Farindola, il sindaco propone di creare un sistema di cattura e commercializzazione delle carni
FARINDOLA. Trasformare l'emergenza cinghiali in un'opportunità occupazionale attraverso la cattura degli animali e la commercializzazione delle carni. Questa in sintesi la proposta del sindaco di Farindola Ilario Lacchetta a Regione, Provincia e Parco. I danni degli ungulati alle colture negli ultimi tempi sono notevolmente aumentati in tutte le zone interne.
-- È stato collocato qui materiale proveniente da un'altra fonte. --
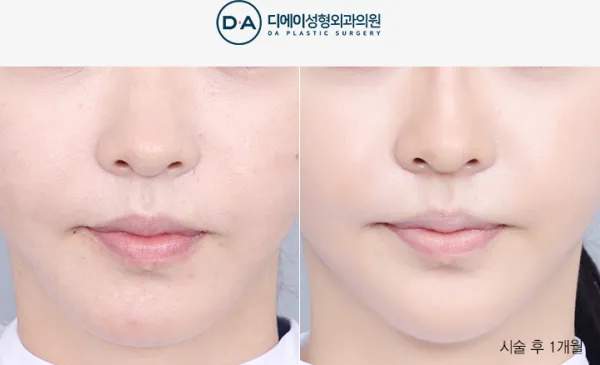 Before/After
Molti agricoltori hanno visto i propri sacrifici svanire. «Ad avere la peggio», spiega Lacchetta, «sono quelle attività agricole che non ricadono all'interno del Parco Gran Sasso-Laga e che dunque non hanno accesso a risarcimenti per i danni, e per quei cittadini, soprattutto pendolari, la cui sicurezza in auto è messa a rischio dall'attraversamento improvviso di branchi di cinghiali. Gli ungulati arrecano molti danni fuori Parco per poi rifugiarsi nelle aree protette dove la caccia è vietata e dove le misure di cattura con gabbie risultano inefficaci, nonché violente per gli animali». Il sindaco ha proposto a Regione, Provincia, tecnici e Comuni interessati, che la caccia al cinghiale sia consentita anche all’interno del Parco Gran Sasso Laga, almeno nelle aree 2, e che le gabbie di cattura siano consegnate direttamente agli agricoltori e cacciatori locali, in modo da creare una sinergia che determini la risoluzione del problema. Per Lacchetta sarebbe utile dare priorità ai gruppi di cacciatori locali per la caccia e la commercializzazione delle carni, individuando un «mattatoio del Parco» in cui attivare il controllo sanitario delle carni e la macellazione. «Solo con una progettualità condivisa si riuscirà a trasformare questa emergenza in opportunità», osserva il sindaco. «per farlo sarà necessario portare l'attività venatoria nelle aree 2 del Parco, con un controllo spietato sul bracconaggio. Auspico un tavolo di lavoro con tutti gli attori coinvolti e di monitorare costantemente i risultati».